Gaddis, a realist himself, tends to highlight the best of Kennan’s judgment and often stays silent about the drawbacks of realism.  That is a forgivable weakness:  scholars spend decades studying subjects they admire, less often ones they think foolish.  Gaddis’ biography is a rewarding work, especially for Cold War history buffs and students of American foreign policy process.  It is also a model for how to write an authorized biography.  Kennan’s humility and transparency in allowing such a biography are exemplary.  Kennan’s quirks and sins are very much on display.  He despised American culture, grew to know the world outside America’s borders better than that inside, had streaks of elitism and racism, and admitted (with not much repentance) to infidelity and a wandering eye.  Gaddis, who spent hours and hours interviewing his subject, admits that Kennan could be “a little weird.”

It is proverbial that secular historians routinely ignore their subjects’ religious lives.  We get almost nothing about Kennan’s beliefs except a perfunctory mention of a Presbyterian background, a Calvinist sense of pessimism, Kennan’s belief in the importance of religion for inculcating morality, and a confession of syncretic, heterodox faith late in life.  There is nothing to suggest Kennan had anything more than the American establishment’s belief in civic religion, but Gaddis doesn’t explore the question deeply.  We get surprisingly little detail on Kennan’s relationship with his children.  And the biography drags a bit in its latter portions:  Kennan lived so long that he actually spent a majority of his working life as a scholar and successful historian (he won two Pulitzer Prizes) after he left the foreign service–but a narrative of Kennan writing and expressing opinions on current events over which he had little influence becomes a little repetitive.
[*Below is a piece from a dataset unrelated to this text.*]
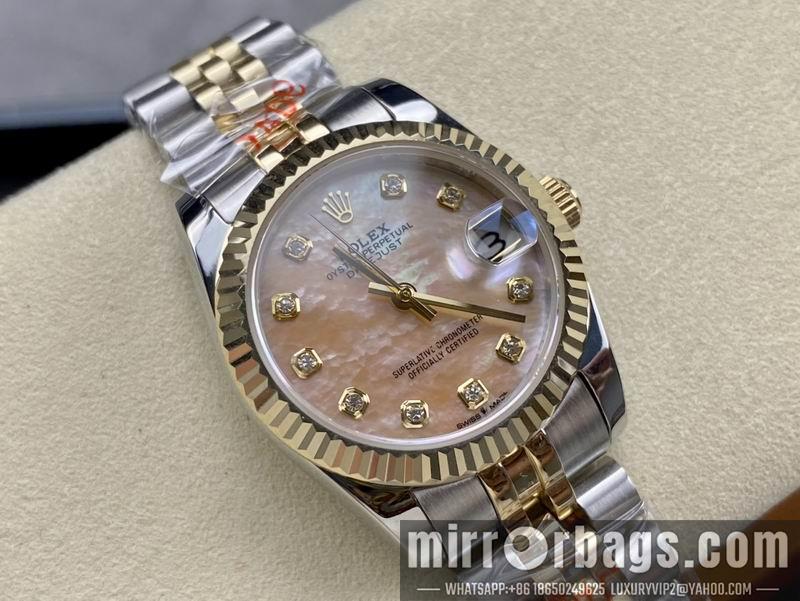 Rolex 31mm 090418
In addition to his Pulitzers, Kennan won the Albert Einstein Peace Prize, the Presidential Medal of Freedom, and dozens of other awards and honorary degrees.  After he testified to Congress about the fall of the Soviet Union and the end of the Cold War in the early 1990s, the Congressmen gave him a standing ovation (this is out of character for Congress).  For a bureaucrat, he became remarkably well-known, influential, and honored–partly because he was always something more than just a bureaucrat.  Kennan had the mind of a philosopher and the pen of a poet, but chose, out of a sense of duty, to apply both to the problem of America’s role in the world.  Few bureaucrats can claim as much, and few countries can ask for much more.